# Difference between portsnap and pkg



## Pixa (Mar 20, 2017)

Hello,
New to freeBSD : I just installed a FreeNAS server. It's very interesting : the ZFS and the jail concept are both stunning.
While going further, and installing some applications on the system, in tutorials, sometime to install package, "pkg" command is used, and some other times, the "portsnap" command plus "make install" are used.
So, I wonder what is the difference between portsnap and pkg : are they 2 different methods to do the same thing, or applications are either in the pkg system or in the portsnamp system.

Thanks.


----------



## SirDice (Mar 20, 2017)

PC-BSD, FreeNAS, NAS4Free, and all other FreeBSD Derivatives

portsnap(8) is used to update the ports tree (/usr/ports/), nothing more, nothing less. The pkg(8) tool is used to manipulate (install, delete, etc) packages.

Handbook: Chapter 4. Installing Applications: Packages and Ports


----------



## Pixa (Mar 20, 2017)

So, "portsnap" is used to keep the catalog of packages up to date, and "pkg" to install packages, right ?

Thank for (so quick) reply !


----------



## SirDice (Mar 20, 2017)

Pixa said:


> "portsnap" is used to keep the catalog of packages up to date


Catalog of ports actually.
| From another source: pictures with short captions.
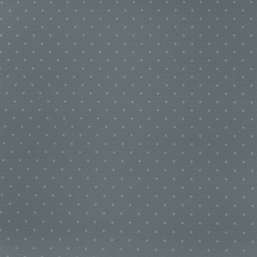 Обои Andrea Rossi Spectrum Trend 54434-22 Обои Andrea Rossi Spectrum Trend 54434-22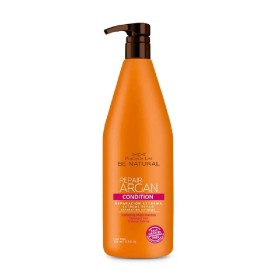 Après-shampooing Be Natural 1 L: Plus de 300.000 produits de grandes marques en vente directe à prix usine sur cadeaufou.com. La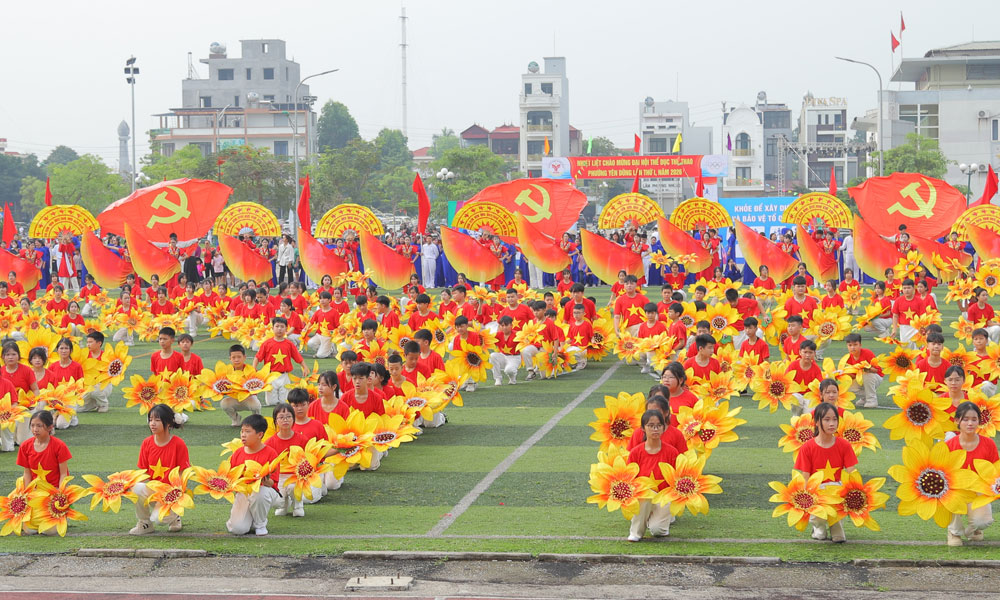 Hình minh họa Cum Văn Hóa Thể Thao Xã Xuân Thới Thượng 3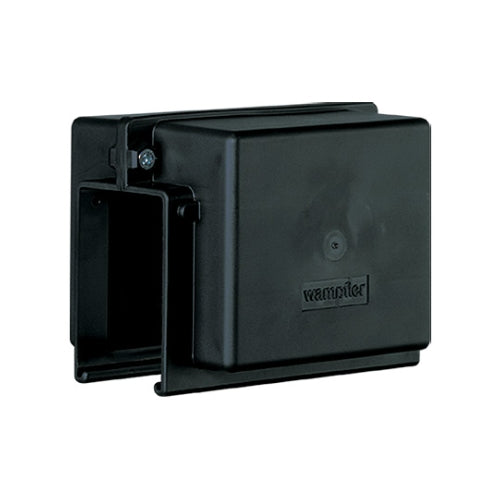084222-02: Rail Connector 842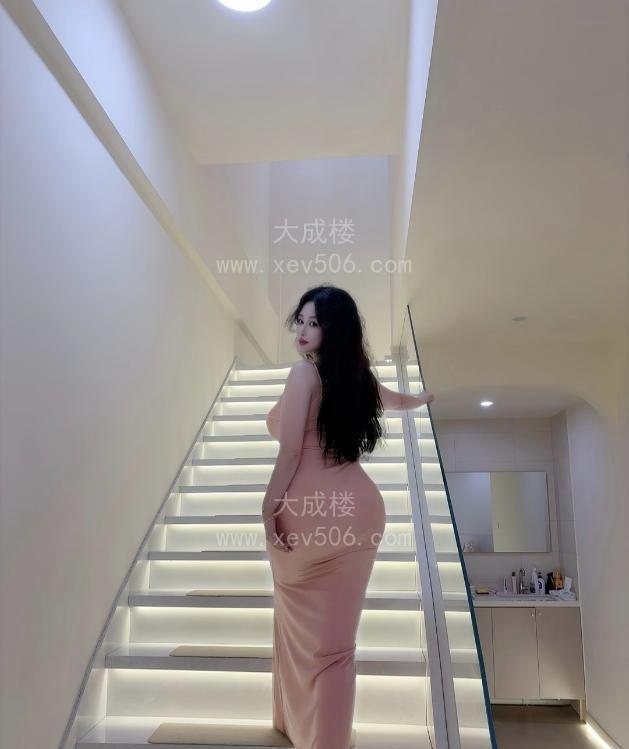 南京丁家庄重装女战士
Ports are used to build packages.


----------



## sk8harddiefast (Mar 22, 2017)

FreeBSD has two different ways to do the same thing (install a package). You can do it using ports and configuring and compiling all the packages. You can do it using packages. Packages is prebuild ports with the default configuration. Ports are slower and "unstable" but you have the possibility to negotiate with dependencies and set flags. From the other side `pkg` as binary package manager is fast and stable. Is not compiling and is not so flexible cause of flags configuration lack. For old hardware machines better to deal with `pkg` way. On newer machines, just use ports and mixing pkg's and ports is not hurting your system 

Now `portsnap` is used to keep the catalog of every port on your system. To update all your ports tree you run `portsnap fetch extract`. To update your pkg catalog you run `pkg update`


----------